Which lines of the entries contain the string "Portable"? Copy each of them.
************
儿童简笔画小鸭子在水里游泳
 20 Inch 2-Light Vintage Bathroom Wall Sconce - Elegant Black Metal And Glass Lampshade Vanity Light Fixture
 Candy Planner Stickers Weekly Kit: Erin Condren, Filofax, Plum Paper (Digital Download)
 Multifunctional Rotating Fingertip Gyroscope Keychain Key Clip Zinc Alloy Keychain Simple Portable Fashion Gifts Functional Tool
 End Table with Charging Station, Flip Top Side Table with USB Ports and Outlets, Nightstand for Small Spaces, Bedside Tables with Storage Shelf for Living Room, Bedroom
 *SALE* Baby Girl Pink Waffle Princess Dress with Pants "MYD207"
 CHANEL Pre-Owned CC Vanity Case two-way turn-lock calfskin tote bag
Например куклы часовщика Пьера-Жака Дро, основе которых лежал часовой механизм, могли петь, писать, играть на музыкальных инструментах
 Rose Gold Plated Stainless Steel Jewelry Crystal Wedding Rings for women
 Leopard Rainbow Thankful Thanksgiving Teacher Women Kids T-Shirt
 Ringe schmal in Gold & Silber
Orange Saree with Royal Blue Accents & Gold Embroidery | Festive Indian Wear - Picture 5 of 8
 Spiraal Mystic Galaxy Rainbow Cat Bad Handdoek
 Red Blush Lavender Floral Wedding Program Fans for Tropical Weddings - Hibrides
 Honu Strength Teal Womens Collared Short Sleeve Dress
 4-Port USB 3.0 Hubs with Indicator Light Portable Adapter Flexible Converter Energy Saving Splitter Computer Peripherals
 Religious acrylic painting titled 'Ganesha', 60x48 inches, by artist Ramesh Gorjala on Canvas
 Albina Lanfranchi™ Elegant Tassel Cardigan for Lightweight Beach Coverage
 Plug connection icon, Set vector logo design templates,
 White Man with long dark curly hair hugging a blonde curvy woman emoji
************
*Answer section*.
 Multifunctional Rotating Fingertip Gyroscope Keychain Key Clip Zinc Alloy Keychain Simple Portable Fashion Gifts Functional Tool
 4-Port USB 3.0 Hubs with Indicator Light Portable Adapter Flexible Converter Energy Saving Splitter Computer Peripherals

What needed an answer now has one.